This is my entry into the Picture it and Write creative writing challenge hosted by the authors of Ermiliablog. This is actually the second time I’ve posted this. I originally posted it in two parts, but for some reason the first part vanished. I thought I may as well put them together. The beginning is a little dark.
He was so tired of running.
Sometimes it seemed he would never stop, hounded as he was by a frenzied host of disappointments and mistakes. How had so much changed in such a short time?
Drawing the blade from its sheath, Andein considered the single remnant of his past. It had been in his family for generations: a gift from the gods to the first kings of Ilreia; a symbol of the power and influence they’d once wielded.
That was all gone now.
Andein ran a finger down the length of the shimmering blade, watching the colours shift and swirl as the spirits bound within responded to the human contact. He couldn’t help but wonder how it would feel as the blade cut into his flesh, allowing his life-blood to run free.

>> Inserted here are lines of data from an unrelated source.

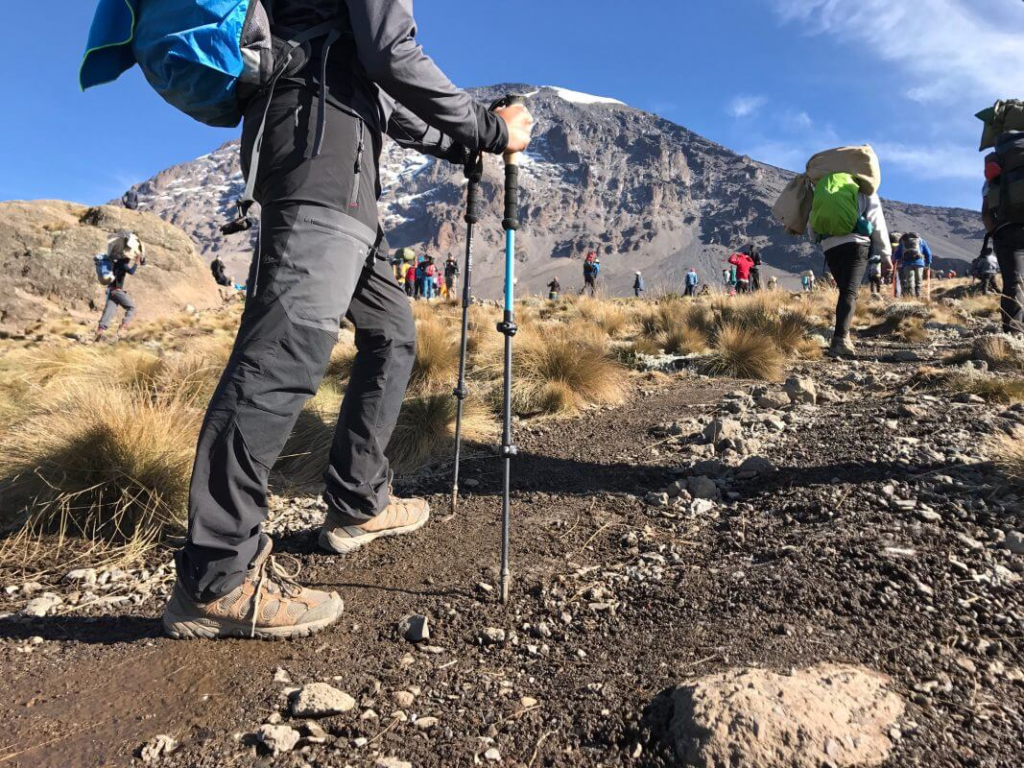 Man hiking in the mountains with trekking poles along with other people.
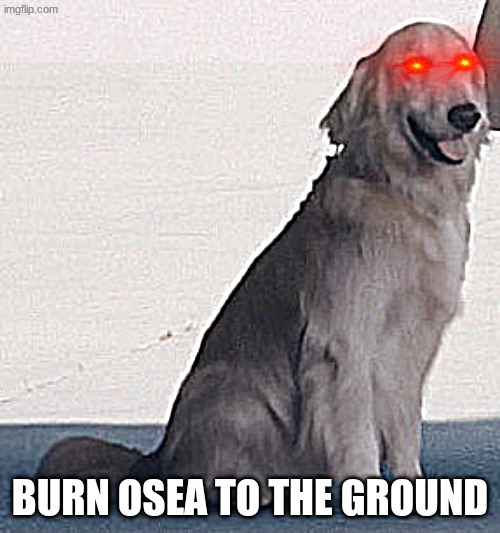 Ace Combat 7 JPEG Dog | BURN OSEA TO THE GROUND | image tagged in ace combat 7 jpeg dog | made w/ Imgflip meme maker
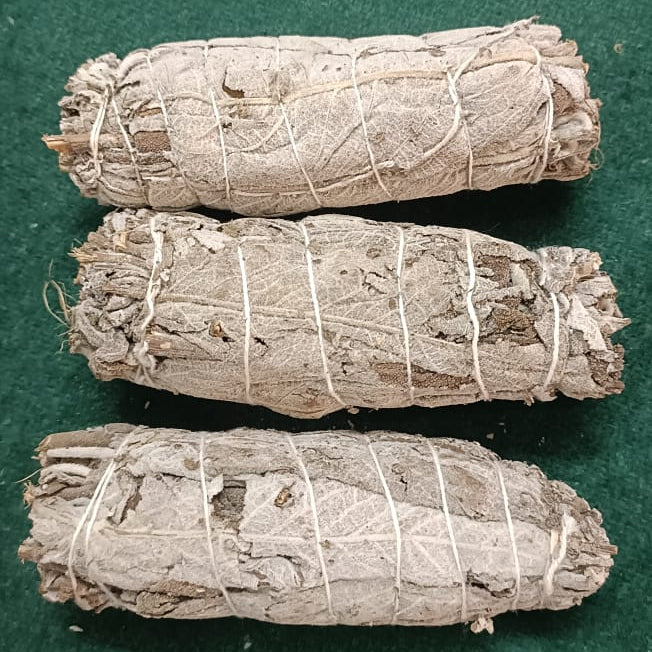 Sage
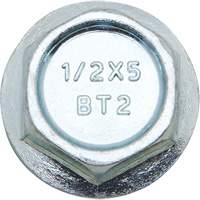 Wedge Bolts, Carbon Steel, 1/2" x 2" Cam Industrial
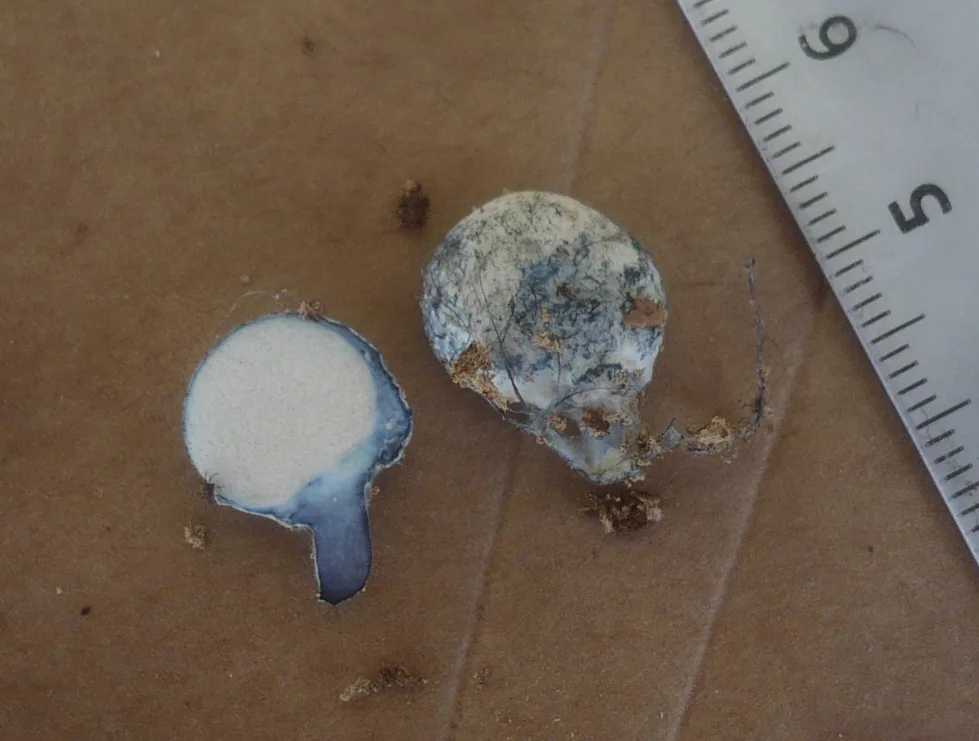 Lac de l'Abbaye à Grande-Rivière Château — À 3,9 km du lac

What did he have left to live for, after all? He’d lost everything, everyone. He was destitute: no home; no money; no friends. His life was ruined and the blame was his alone.
His fingers wrapped around the hilt and he lifted the blade.
Word Count: 176
I’ve had a number of lovely comments recently about the hopeful tone of many of my stories and it got me thinking. I like to include hope. I’m quite a positive person, generally, and this seeps in to my stories. But I do also like to explore slightly darker emotions in my writing. I like to send characters to their breaking point, where they feel they have no hope left at all.
I also like cliff hangers. This one isn’t too nasty.
You’ll be pleased to know that the story is continued just below.
The Blade – Part Two
Andein was prepared for pain, prepared for death, as he pressed the blade against his flesh, drawing blood. He wasn’t prepared for the burning sensation that spread from the point of contact, or for the tendrils of alien thought that twined through his mind, locking his hand in place.
As the first drops of blood caressed the blade’s edge, the spirits housed within cast their influence upon him. Their voices echoed through his thoughts, chattering unintelligibly. Images flashed before his eyes in a dizzying kaleidoscope: men, women and children cowering, scared; in need of protection; in need of hope.
He was shaking. He wanted to drop the blade but couldn’t flex his fingers to release the hilt. Madness threatened.
The voices finally coalesced into a single entity. “Protect them,” the order sounded.
“How can I?” A sob tore from his throat as he shook his head. “I’m nothing. I have nothing…”
How could he refuse?
“Yes.” Peace descended as he accepted their charge.
Word Count: 176
And hope is returned!
Thinking about the nature of hope in my writing also had me thinking about the types of characters I like to read and write about. I have a definite tendency to a certain type. I always have. I grew up with stories of Robin Hood (I’m a Nottinghamshire girl, after all!) and discovered Zorro around the age of 11. I read baroness Orczy’s ‘Scarlet Pimpernel’ aged 13 and Dumas’ ‘The Three Musketeers’ a few years later. I love superheroes – as well as seeing the new Avengers movie last week I also recently binged on Netflix’s Daredevil. I love The Magnificent Seven, Merlin, Supernatural. I could probably continue for quite some time. The characters I like all tend to be protectors.